OverTheWire: Krypton

Introduction

Krypton is centred around cryptography. To me, the most challenging aspect of this wargame was the need to create custom tools and/or perform manual decryption. For example, in one of the levels I spent three hours trying to code a frequency analysis tool, before giving up and using an existing online tool - this helped me solve the problem in less than a minute. The concepts covered are relatively straightforward to understand, but putting them into practice was rather tedious and/or complicated (without the online tools).

Challenges

Level 0

The password can be decoded in the terminal using the command

echo "S1JZUFRPTklTR1JFQVQ=" | base64 --decode

and we can connect to the server by running

ssh krypton1@krypton.labs.overthewire.org -p 2231

and entering the decoded password when prompted.

Level 1

We see two files in /krypton/krypton1, README and krypton2. The former explains that to get the ssh password for krypton2, we need to decipher the string in the file krypton2, which is encrypted using the ROT13 cipher, where every character in the plaintext becomes the alphabetical chracater 13 positions ahead of it (with wrap-around).

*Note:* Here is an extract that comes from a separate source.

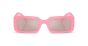 DOLCE & GABBANA DG6187 3262/5 53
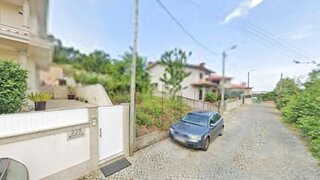 Land for sale in Vila do Conde, Portugal — €78,000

This can be easily done by hand, but to save time I just used this online tool to decode the ciphertext.

Level 2

We aren’t able to directly access the key used to encrypt the password for krypton3, but we do have access to the program which uses that key to encrypt the plaintext. This means that to figure out the key we can just ask the program to encrypt ‘abcde’ and analyse the produced ciphertext to retrieve the ‘rotation factor’, i.e. how much each character is rotated, and from there deduce the key used:

We see that ‘abcde’ is encrypted to become ‘MNOPQ’. From this we can deduce that ‘f’ becomes ‘R’, ‘g’ becomes ‘S’, ‘h’ becomes ‘T’, etc.

We can also hence deduce that the ‘rotation factor’ is 12, since each character is substituted by the one 12 positions ahead of it in the alphabet.

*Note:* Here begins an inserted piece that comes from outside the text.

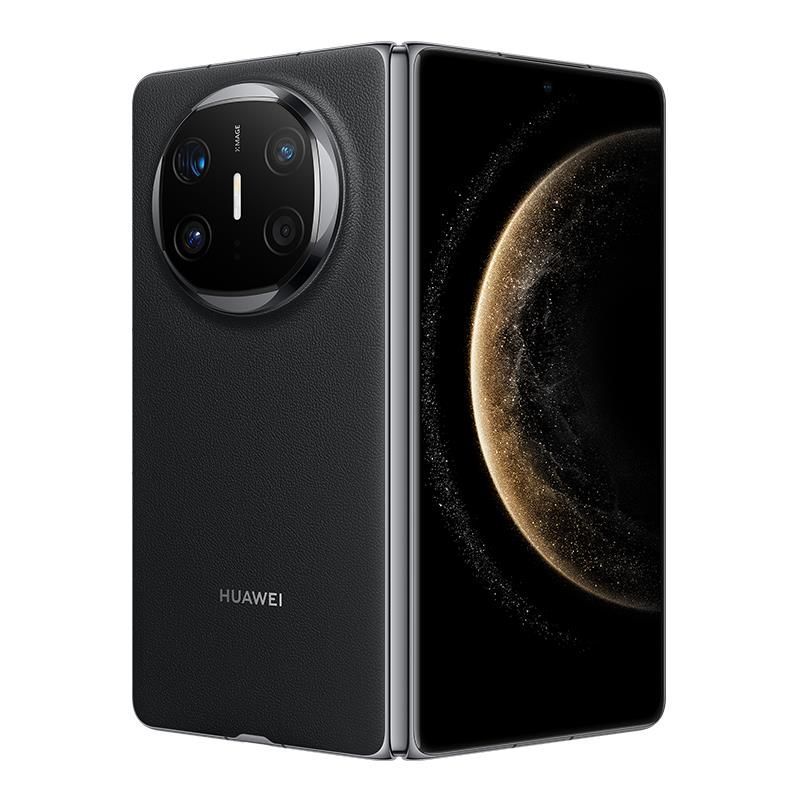 HUAWEI Mate X6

With this in mind, there are two ways we can recover the plaintext password: either shift each character in the ciphertext backwards by 12 characters, or shift each character in the ciphertext forwards by 14 characters (resulting in a total of 26 forward shifts, i.e. effectively no shift at all).

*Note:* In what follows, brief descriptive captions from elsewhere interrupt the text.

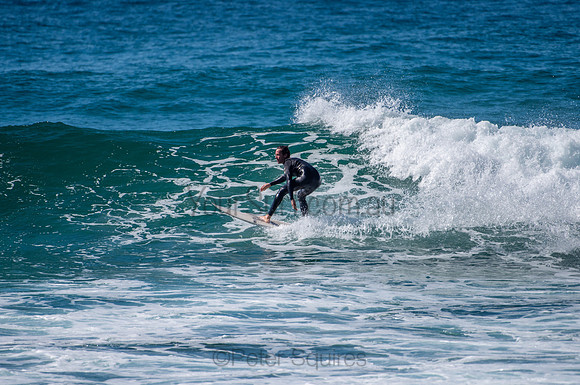 Whale_Beach_200825_10-48-33_0018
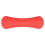Neopren-Dip-Hantel 0,75 kg - Rutschfester Griff 4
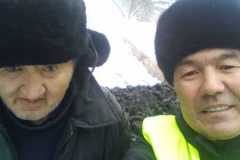 img-20201220-wa0012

I chose the first method, and used this online tool instead of working it out manually to save time.

Level 3

The password for krypton4 is encrypted using a substitution cipher, but no longer a simple shift / rot cipher. We can use found1, 2, and 3 to perform frequency analysis to try to reverse engineer the key used for substitution.

I will be using this for frequency analysis and this substitution decoder tool to perform guess and check. I will use the former to derive guesses for plain $\leftrightarrow$ ciphertext mappings and then insert the mapping into the substitution decoder tool to see whether the resultant plaintext made sense and thus decide whether the mapping was right or wrong.

(There is actually a tool on the same site that automatically decrypts the ciphertext but I wanted to try performing the anlaysis manually, only using the substitution and frequency analysis tools to cut out the ‘meaningless’ tedious work.)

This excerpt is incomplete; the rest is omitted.